NORMAN — When nutrition experts encourage us to watch the portion sizes, they mean everyone — including the kids.
A key to maintaining a healthy weight is balancing how much you eat and how much you move. Considering that the obesity rate for preschoolers has more than doubled in the last four decades, it is clear something is out of whack.
One factor contributing to that trend is large portions. Those too ample serving sizes we enjoy at restaurants, seek out in grocery store shelves and freezers and pile on oversized dinnerware have become the norm.
Researchers have found that children eat about 25 percent more when served a larger portion. Adults have been found to eat 50 to 70 percent more.

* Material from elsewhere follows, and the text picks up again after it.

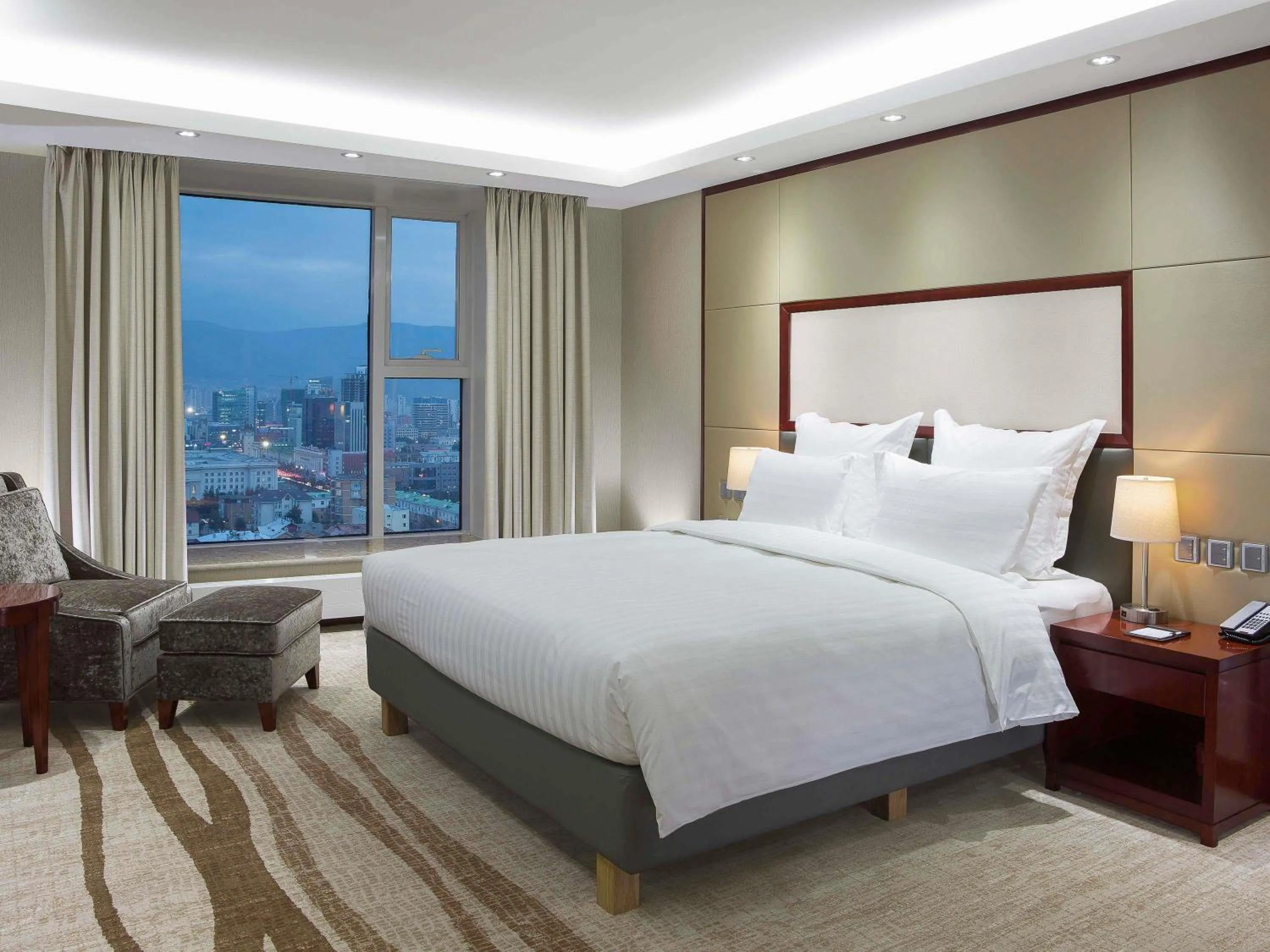 Bedroom, Bed in Novotel Ulaanbaatar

Although the Dietary Guidelines for Americans encourages us to enjoy our food but eat less and to avoid oversized portions, it appears that is easier said than done. Part of the problem is we all tend to eat with our eyes.
Complicating matters is the multiple environmental cues — for example, the size of the plates, bowls, cups and utensils — that can trigger overeating. Try using an 8-inch plate for kids and a 10-12-inch plate for adults.

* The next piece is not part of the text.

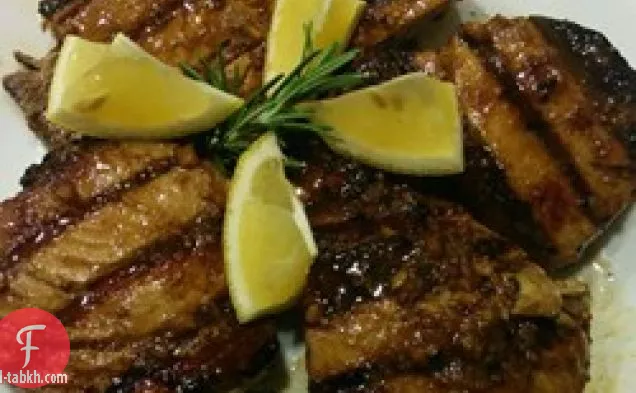 تونة صفراء مشوية مع ماء مالح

Another helpful hint is to use smaller serving utensils and avoid overfilling serving bowls and platters. Also, start preparing, serving and eating smaller portions, while paying attention to whether you actually feel full.

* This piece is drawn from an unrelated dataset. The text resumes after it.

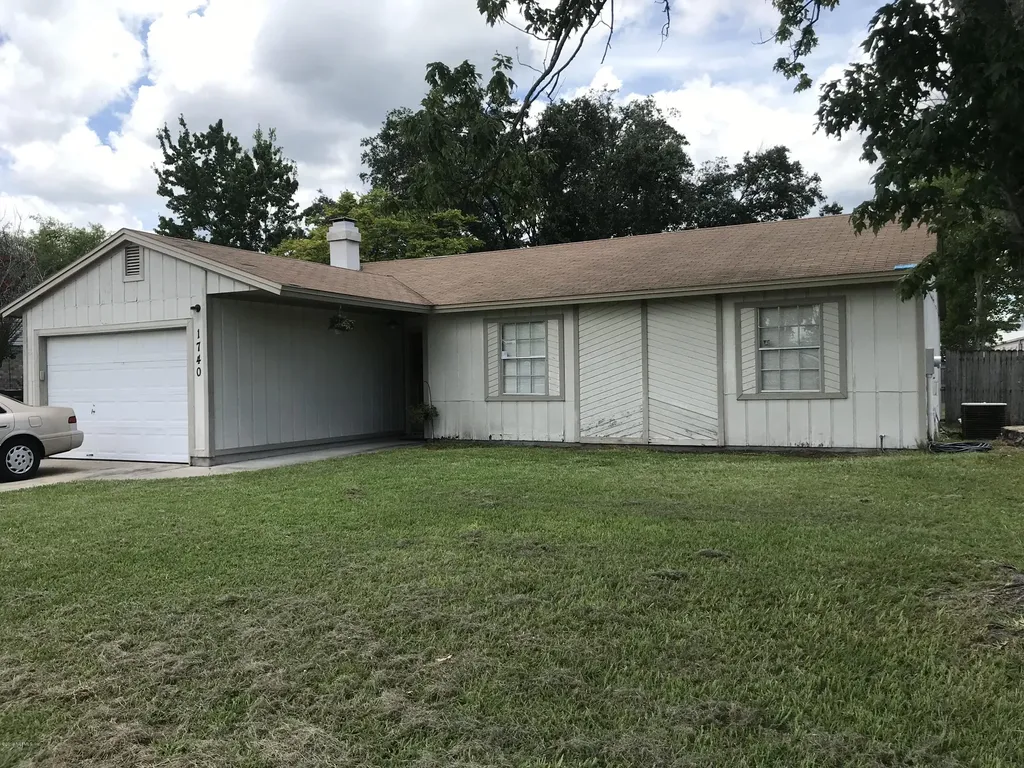 1740 Village Lane Orange Park FL 32073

Children are much better than adults at feeling and following their bodies’ cues for fullness. Overfeeding or forcing kids to eat when they are not hungry can minimize their ability to do that.
Additionally, following MyPlate recommendations on serving sizes ensures everyone gets the right amount of fruits, vegetables, whole grains, lean protein and low-fat dairy. For preschoolers, a good rule of thumb is to serve one tablespoon per year of age of each type of food.